Q5. Solve the "number of times a sorted array is rotated" problem.
#include <iostream>
using namespace std;
// Function to find the number of times a sorted array has been rotated
int no_of_times_rotated(int arr[], int n) {
int low = 0, high = n - 1; // Initialize search boundaries
while (low <= high) {
// If the array is already sorted, it hasn't been rotated
if (arr[low] <= arr[high])
return low;
int mid = low + (high - low) / 2; // Calculate mid to prevent overflow
// Check if mid is the pivot (smallest element)
int prev = (mid - 1 + n) % n; // Previous element (circular index)
int next = (mid + 1) % n; // Next element (circular index)

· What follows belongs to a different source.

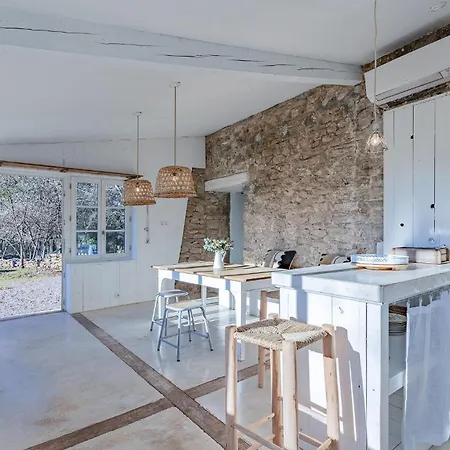 Holiday home Cozy In Le Rouet With Outdoor Swimming Pool Notre-Dame-de-Londres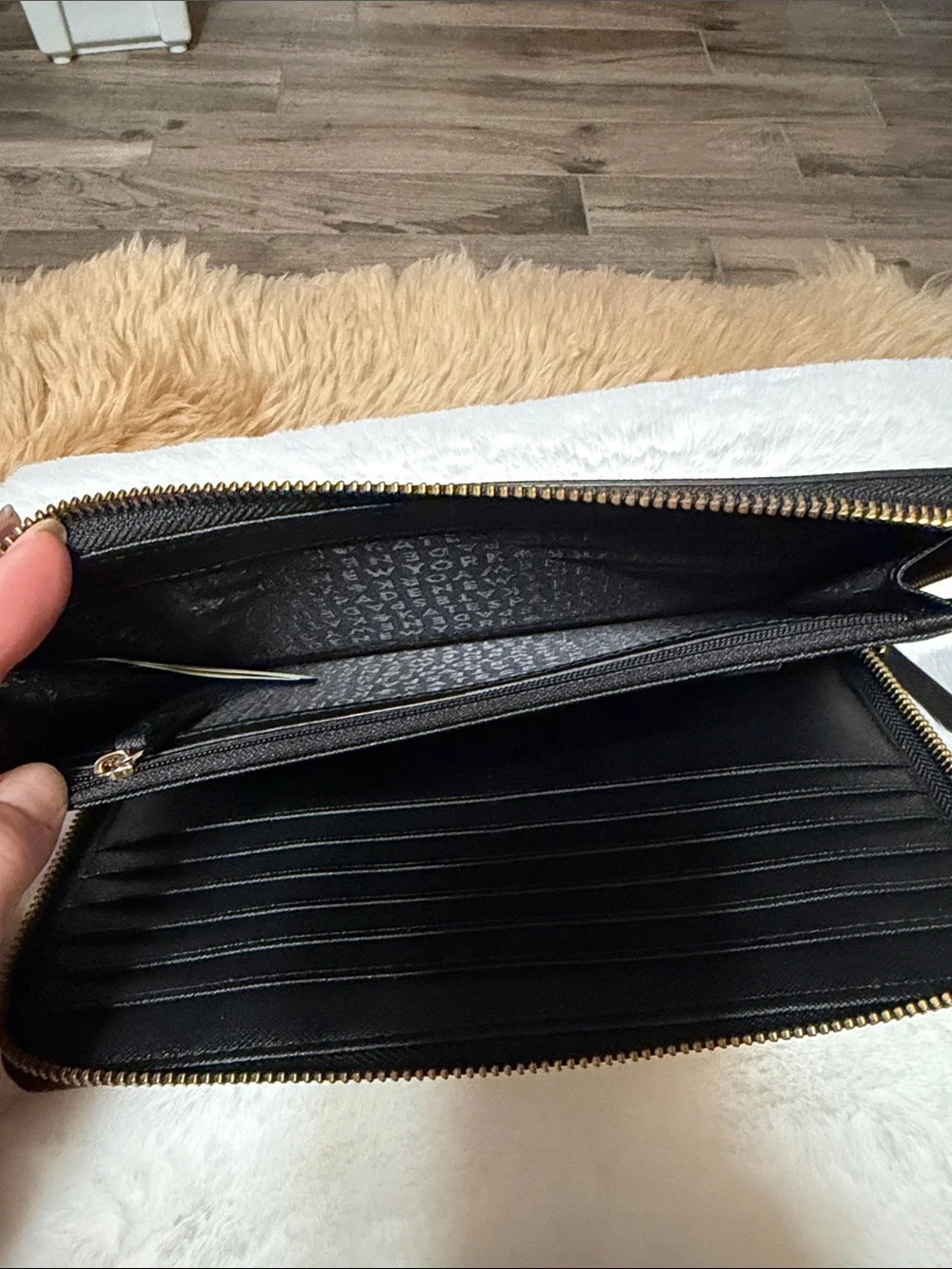 Kate Spade Black Saffiano Leather Zip Around LV Wallet Organizer Clutch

if (arr[mid] <= arr[prev] && arr[mid] <= arr[next])
return mid;
// Decide the search space
if (arr[mid] >= arr[low])
low = mid + 1; // Search in the right half
else
high = mid - 1; // Search in the left half
}
return -1; // Return -1 if no rotation is found (edge case, should not occur)
}
int main() {
int n;
cout << "Enter length of array: ";
cin >> n; // Input array length
cout << "Enter elements of the array: ";
int arr[n];
for (int i = 0; i < n; i++) {
cin >> arr[i]; // Input array elements
}
// Output the number of rotations
cout << "The number of times the array has been rotated: " << no_of_times_rotated(arr, n);
return 0; // Indicate successful execution
}
This code finds the number of times a sorted array has been rotated using a binary search approach. The function no_of_times_rotated identifies the pivot element (the smallest element) in the rotated array, which corresponds to the number of rotations. It does so by comparing the mid element with its neighbors in each iteration. If the array is already sorted (i.e., the element at the start is less than or equal to the element at the end), it returns 0 rotations. Otherwise, it adjusts the search boundaries by checking whether the left or right half is sorted, narrowing the search space until the pivot is found. The index of the pivot is returned, indicating the number of rotations. This solution has a time complexity of O(log n), making it efficient for large arrays.
Today's practice deepened my understanding of advanced applications of Binary Search. From solving allocation problems to calculating medians and rotations in arrays, I learned how versatile and powerful this algorithm is in tackling complex challenges. These exercises have equipped me with valuable techniques to handle intricate searching problems more effectively. I look forward to exploring even more advanced topics in the days ahead!